Henry Wisewood Highschool Sexual Assault
Hello!
I wanted to start a discussion about the recent sexual assault that occurred at Henry Wisewood Highschool.
For those that don’t know, a school coach was arrested for grooming and sexually assaulting a teenage girl at the school over the course of 2 years. He also sent an explicit video of himself to a group of boys by accident.
This is extremely disturbing, and it’s massively disappointing that this happened to this girl while she was at school.
When you look the perpetrator up, you see he has posted many photos of girls from Henry Wisewood on his facebook. That already is a very inappropriate thing to be doing, and it’s concerning that this person wasn’t flagged as being dangerous earlier.
I’m a 27 year old women, and I was also groomed and assaulted as a teenager. This subject is very important to me because I know what this process looks like and how intensely painful it is.
We should use this event to open conversations about sexual abuse and sexual education in Alberta.

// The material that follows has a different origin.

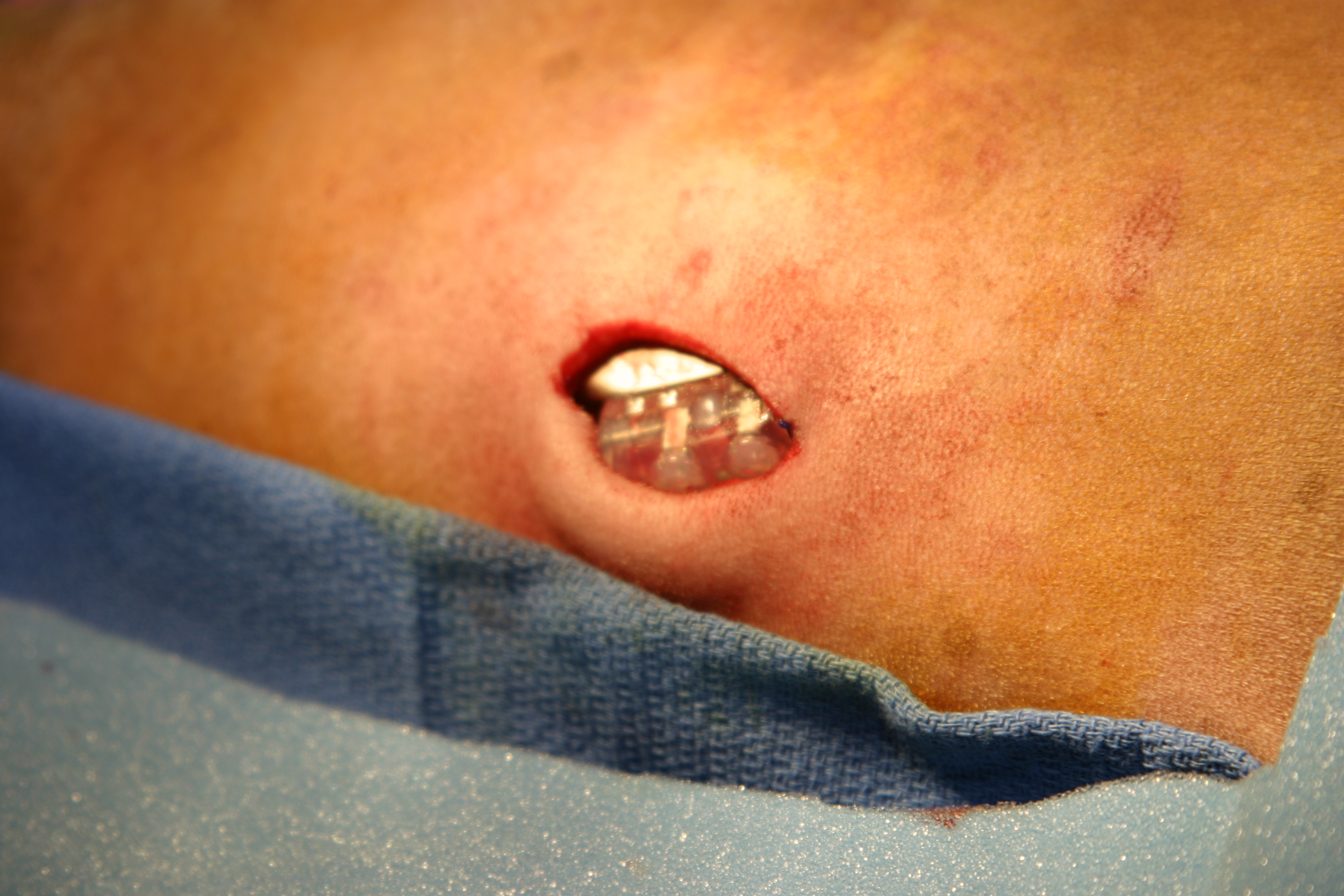 Pacemaker implantation image 11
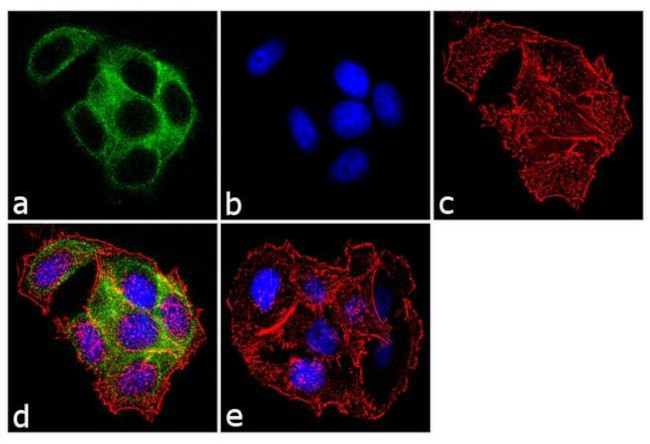 Cytokeratin 18 Antibody in Immunocytochemistry (ICC/IF)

We need to remember that when kids turn 12 and they go to middle school, their community and culture drastically changes. There’s more talk about sex, more kids, more hostility, and less facilitated community.

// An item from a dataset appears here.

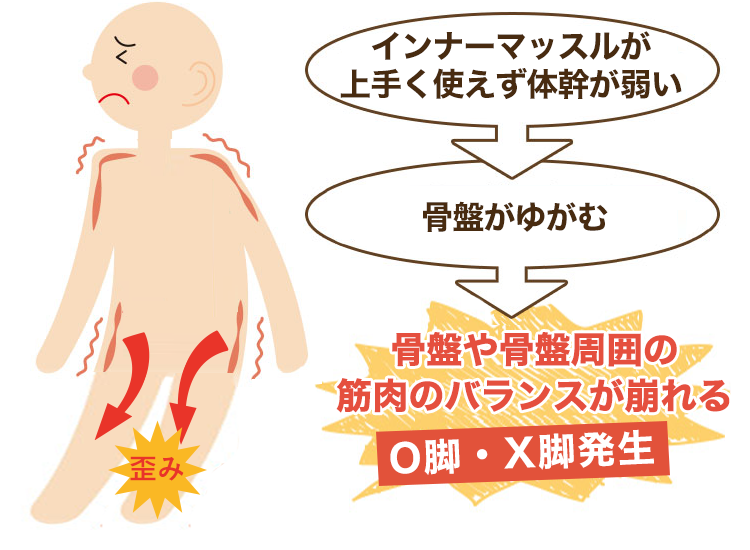 体幹バランスや骨盤インナーマッスルが原因のO脚・X脚
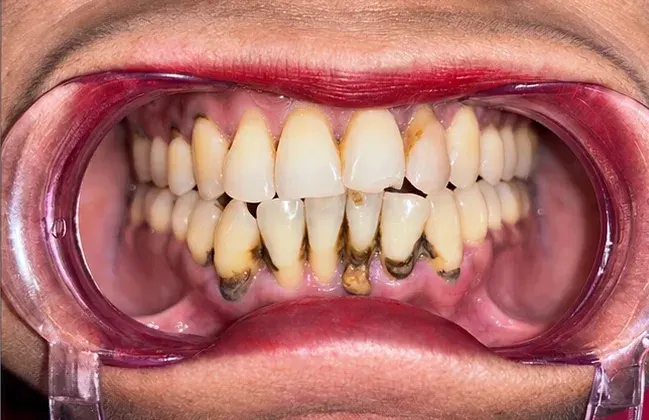 Before view of dark tartar deposits on the lower front teeth, Roots & Pulp Dental Clinic, Aliganj, Lucknow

If we don’t give kids answers about sex they fill those gaps in on their own, often leading to poor understandings of sexuality.
We need to have the ability to have these conversations with young people to keep them safe. I think that includes talk about sexual harassment, age gap/power dynamics in sexuality, pornography and pornography addiction, shame in sexuality, and identifying sexual abuse.
In my generation, sex education involved basic biology and the STI talk. It didn’t really relate to day to day experiences.
Some other things to consider…
-Would it be more effective to give parents sexual education, considering sexual education up until this point has been limited?
-Social work students need practical hours to complete their degree. Can we involve social workers in supporting proper development in public school?